Spark Broadcast Join и производительность Python UDF
Spark Broadcast Join и производительность Python UDF
Ответить самому
Сначала сформулируйте ответ как на собеседовании, затем откройте разбор и оцените себя.
Короткий ответ
Broadcast Join sends a small table to executors so each partition joins locally and avoids expensive shuffle. Python UDFs are slow because Spark must cross the JVM-Python boundary, serialize data and lose many Catalyst/codegen optimizations.
Полный разбор
Broadcast Join is fast when one side is small enough to fit in executor memory. Spark ships that small side to all executors, and each partition of the large table can join locally. This avoids repartitioning both sides by join key and avoids the network-heavy shuffle path.

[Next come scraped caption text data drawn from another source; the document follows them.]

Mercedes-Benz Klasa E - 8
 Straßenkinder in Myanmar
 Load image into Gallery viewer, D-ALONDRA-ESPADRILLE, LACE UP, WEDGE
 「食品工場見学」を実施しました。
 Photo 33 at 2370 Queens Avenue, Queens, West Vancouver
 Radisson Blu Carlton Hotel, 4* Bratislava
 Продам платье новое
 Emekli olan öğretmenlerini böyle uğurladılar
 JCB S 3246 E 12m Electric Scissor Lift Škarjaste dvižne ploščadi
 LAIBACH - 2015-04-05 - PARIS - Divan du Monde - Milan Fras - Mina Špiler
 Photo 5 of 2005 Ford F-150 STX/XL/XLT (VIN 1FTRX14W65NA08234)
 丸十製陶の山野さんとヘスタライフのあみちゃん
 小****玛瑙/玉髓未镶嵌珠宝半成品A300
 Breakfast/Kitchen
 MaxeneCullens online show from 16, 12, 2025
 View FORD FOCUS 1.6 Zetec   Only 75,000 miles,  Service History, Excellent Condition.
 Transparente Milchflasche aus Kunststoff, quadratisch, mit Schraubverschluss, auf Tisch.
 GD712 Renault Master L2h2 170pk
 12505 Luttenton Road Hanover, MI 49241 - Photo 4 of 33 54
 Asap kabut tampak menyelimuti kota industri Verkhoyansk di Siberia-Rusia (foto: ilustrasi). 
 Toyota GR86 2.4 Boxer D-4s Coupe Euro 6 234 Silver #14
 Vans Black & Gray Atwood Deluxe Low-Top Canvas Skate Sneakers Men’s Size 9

Python UDFs can be slow because Spark's execution engine is JVM-based, while the function runs in a Python worker. Rows or batches must be serialized between JVM and Python, Catalyst cannot freely optimize inside the UDF, and code generation/vectorized execution may not apply. Plain row-wise UDFs are especially expensive.
Prefer built-in Spark SQL functions, joins, expressions and window functions. If custom Python logic is unavoidable, consider pandas/vectorized UDFs, Arrow, batch processing, pushing logic upstream, or implementing performance-critical logic in Scala/Java.
Теория
Spark is fast when the optimizer sees relational operations; Python UDFs hide semantics and add process-boundary overhead.
Типичные ошибки
- Broadcast a table that does not fit in executor memory.
- Use Python UDFs for logic expressible in Spark SQL.
- Forget serialization and JVM-Python boundary costs.
Как отвечать на собеседовании
- Say “local join without shuffle” for broadcast.
- For UDFs, mention JVM-Python serialization and lost Catalyst optimization.